Выбрать главу

Недовольство московского дворянства Петербургом по-прежнему совмещалось с демонстративным выражением патриотизма, особенно в период польского восстания 1863–1864 гг. В Английском клубе чествовали подавивших это восстание М. Н. Муравьева и Ф. Ф. Берга, живо обсуждали действия направленных в Польшу для проведения реформ администраторов-москвичей — В. А. Черкасского, А. И. Кошелева и других. Это не было реакцией лишь на данную конкретную ситуацию и порожденные ею проблемы. По крайней мере со времени предыдущего восстания 1830–1831 гг. враждебное Польше настроение сохранялось. Оно поддерживалось и сверху постоянно и разными способами. Иные акции преподносились как средство сделать поляков, как выразился Николай I, «счастливыми вопреки их самих». Таков был, например, сочувственно им встреченный — после закрытия Варшавского и Виленского университетов — проект Паскевича и Уварова (1844 и 1852 гг.), согласно которому польскую письменность надлежало перевести с латинского алфавита на кириллицу{382}.

Видимо, единственным исключением во взглядах на Польшу среди клубных старожилов был М. П. Погодин. С позиций панславизма он критически высказывался о политике культурной дискриминации поляков. Обращаясь к Уварову, он предсказывал, что ее результатом будет лишь отчуждение и ненависть. Но выступать в защиту поляков в стенах клуба было безнадежно, это Погодин наверняка сознавал.

В падкой на слухи клубной среде охотно принимали на веру, из-за устойчивой полонофобии, самые неправдоподобные известия. Об одном из них сообщал в своих записях А. Я. Булгаков. В связи с революционными событиями, охватившими в 1848 г. ряд европейских стран, в Москве распространился слух, будто поляки на прусской границе вырезали целую русскую дивизию во главе с генералом Панютиным, а фельдмаршал Паскевич, узнав об этом, в ответ «срыл Варшаву до основания». «Английский клуб вчера был наполнен сим известием», — записал Булгаков{383}. Слух оказался ложным, но чтобы оценить его, стоит вспомнить, как москвичи порывались «срыть Варшаву» уже в 1830 г.

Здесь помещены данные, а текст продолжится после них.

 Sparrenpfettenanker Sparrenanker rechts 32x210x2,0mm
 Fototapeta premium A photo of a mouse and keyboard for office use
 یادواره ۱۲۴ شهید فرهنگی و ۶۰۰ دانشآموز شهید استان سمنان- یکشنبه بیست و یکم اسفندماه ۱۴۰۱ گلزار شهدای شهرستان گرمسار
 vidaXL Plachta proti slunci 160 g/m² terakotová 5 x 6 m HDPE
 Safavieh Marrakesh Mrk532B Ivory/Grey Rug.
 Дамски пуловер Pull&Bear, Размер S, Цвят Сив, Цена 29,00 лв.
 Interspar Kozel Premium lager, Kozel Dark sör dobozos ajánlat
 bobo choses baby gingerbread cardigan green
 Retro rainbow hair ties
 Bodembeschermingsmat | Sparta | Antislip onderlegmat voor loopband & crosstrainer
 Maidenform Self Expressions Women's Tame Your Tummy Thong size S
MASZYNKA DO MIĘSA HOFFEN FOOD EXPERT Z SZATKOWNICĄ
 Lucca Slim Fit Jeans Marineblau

На общественное мнение по польскому вопросу влияли также еще до восстания 1863 г. литература и театр (при одновременном обратном влиянии). В 1855 г. на сцене петербургского Александринского театра поставили комедию А. В. Сухово-Кобылина «Свадьба Кречинского», причем главный герой был представлен поляком, с польским акцентом и манерами. Если обратиться к тексту пьесы, то она не давала к тому прямого повода, но автор против этого не возражал. Не критиковали такой рисунок роли и рецензенты спектакля. Известно только одно возражение, да и то высказанное не публично. Не согласился с актером В. В. Самойловым, игравшим Кречинского, М. С. Щепкин: «Зачем Вы сделали из Кречинского поляка? Это — русское лицо, представитель нашего так называемого хорошего общества…» О «хорошем обществе» Щепкин судил и по Английскому клубу, в который был в это время принят.

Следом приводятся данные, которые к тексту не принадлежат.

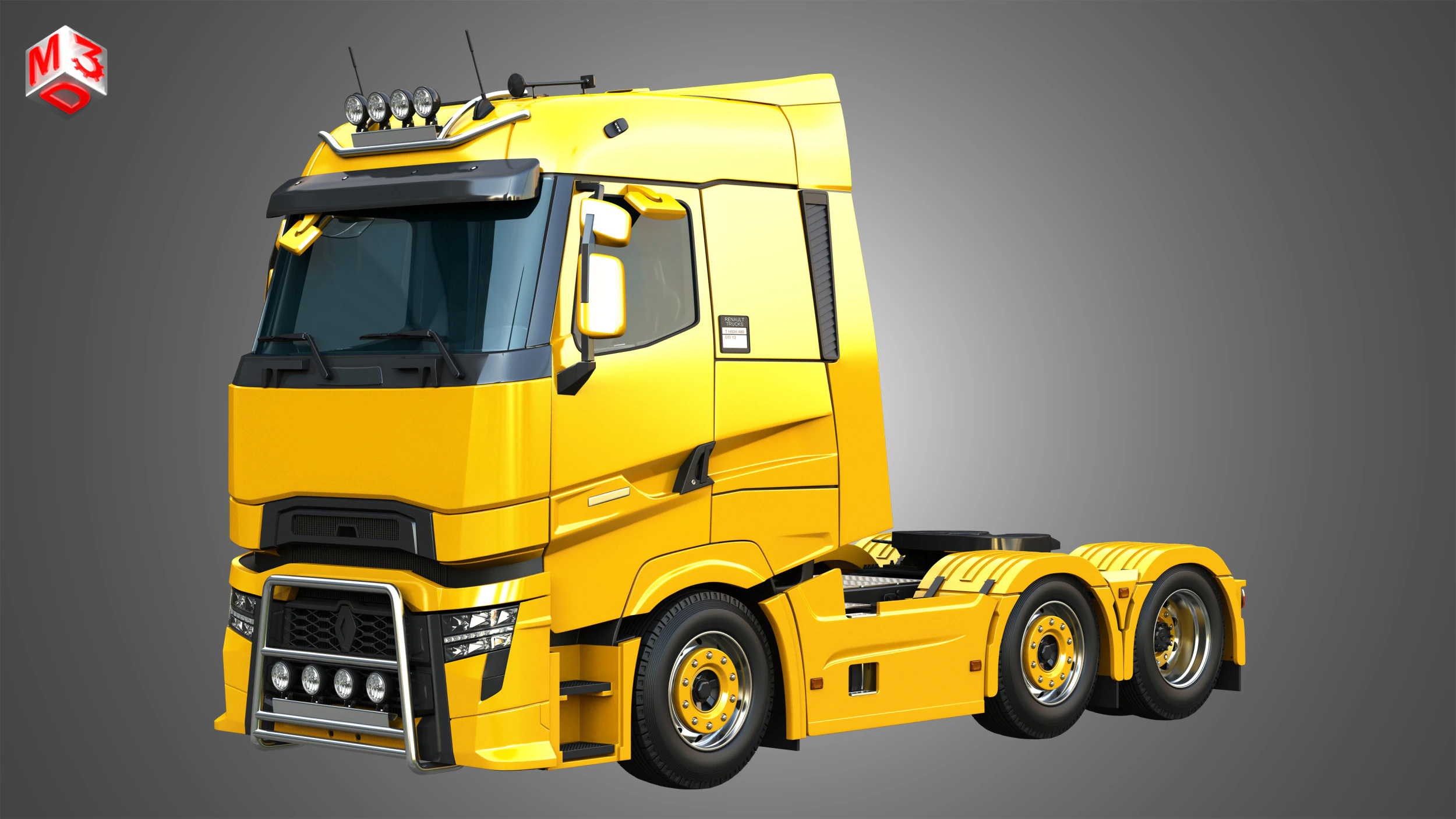 T520 - High Range Truck 3D Model .c4d .max .obj .3ds .fbx .stl .blend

В печати с развернутым отзывом о спектакле выступил Иван Панаев. Кречинский был и для пего узнаваемым социальным типом, известным по столичным клубам: «…Лицо живое, типическое, прямо выхваченное из действительности… лицо, которое мы не раз встречали в московских или петербургских клубах, с которым мы когда-то были даже знакомы, не подозревая, разумеется, его закулисной жизни…» Но в отличие от Щепкина Панаев не оспорил актерское решение, раз его приняла публика: «Без этого акцента нам теперь трудно вообразить Кречинского»{384}.

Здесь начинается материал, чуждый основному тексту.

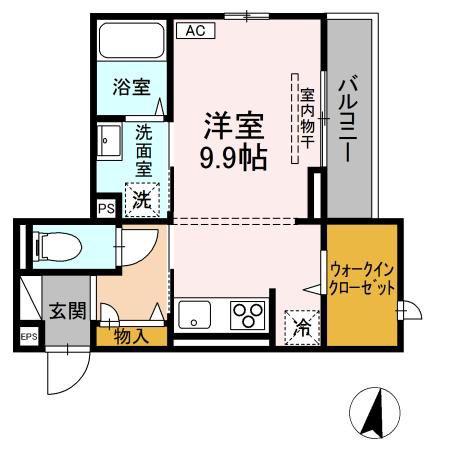 ロイヤルステージ春日町(ワンルーム/2階)の間取り写真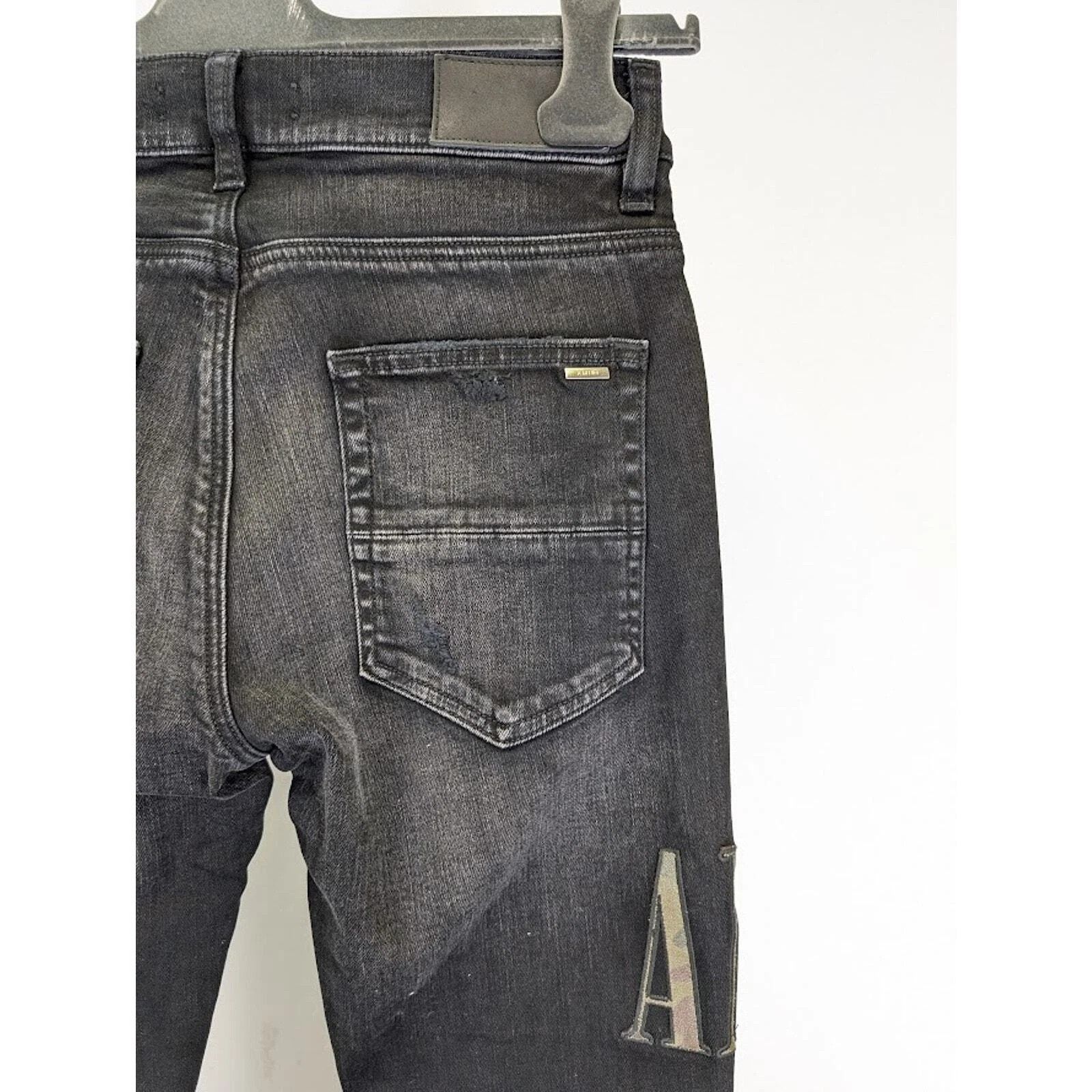 Amiri o1rshd1 Q:2 / Core Applique Jean in Aged Black Size US 33 - 16 Thumbnail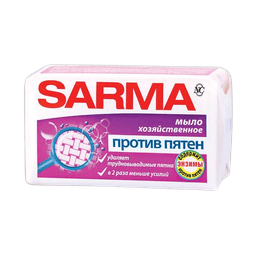 Мыло кусковое хозяйственное 140 г "Sarma" НК, Против пятен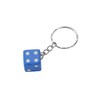 Komonee Blue Dice Key Chain Novelty Keyring Casino Playing Game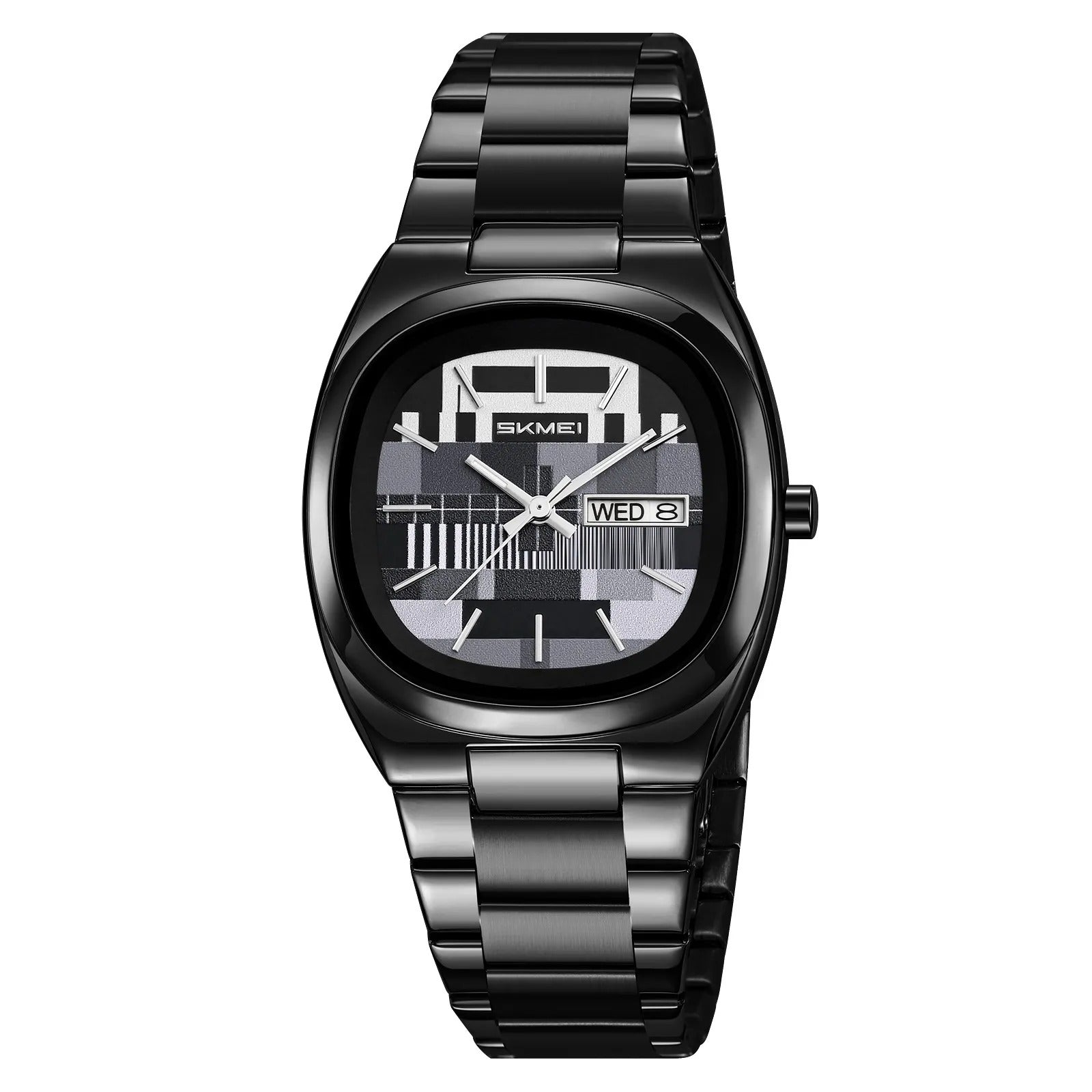 Skmei – 9375 – Business Gentleman Vintage Watch – Black/Grey image 1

В 1863 г. бдительные старшины московского Английского клуба изъяли из библиотеки закрытый по безосновательному подозрению в сочувствии участникам польского восстания журнал братьев Федора и Михаила Достоевских «Время», невзирая на протесты членов библиотечного комитета Соболевского и Лонгинова. Несомненно, было связано с подъемом националистических настроений еще одно внутриклубное событие. В 1864 г. старшины распорядились снять находившийся в библиотеке портрет Чаадаева, подаренный клубу его племянником и первым биографом, хранителем его архива М. И. Жихаревым{385}. Неизвестно, был ли против Бартенев, который, по его же позднейшему признанию, «никогда Чаадаевым не пленялся» и, публикуя те или иные материалы на страницах «Русского архива», исходил из общего у славянофилов неприязненного отношения к взглядам и личности философа. Еще более резко, почти карикатурно представлен был Чаадаев в записных книжках Бартенева. Так или иначе, но акция по снятию портрета не встретила в клубе какого-либо противодействия{386}.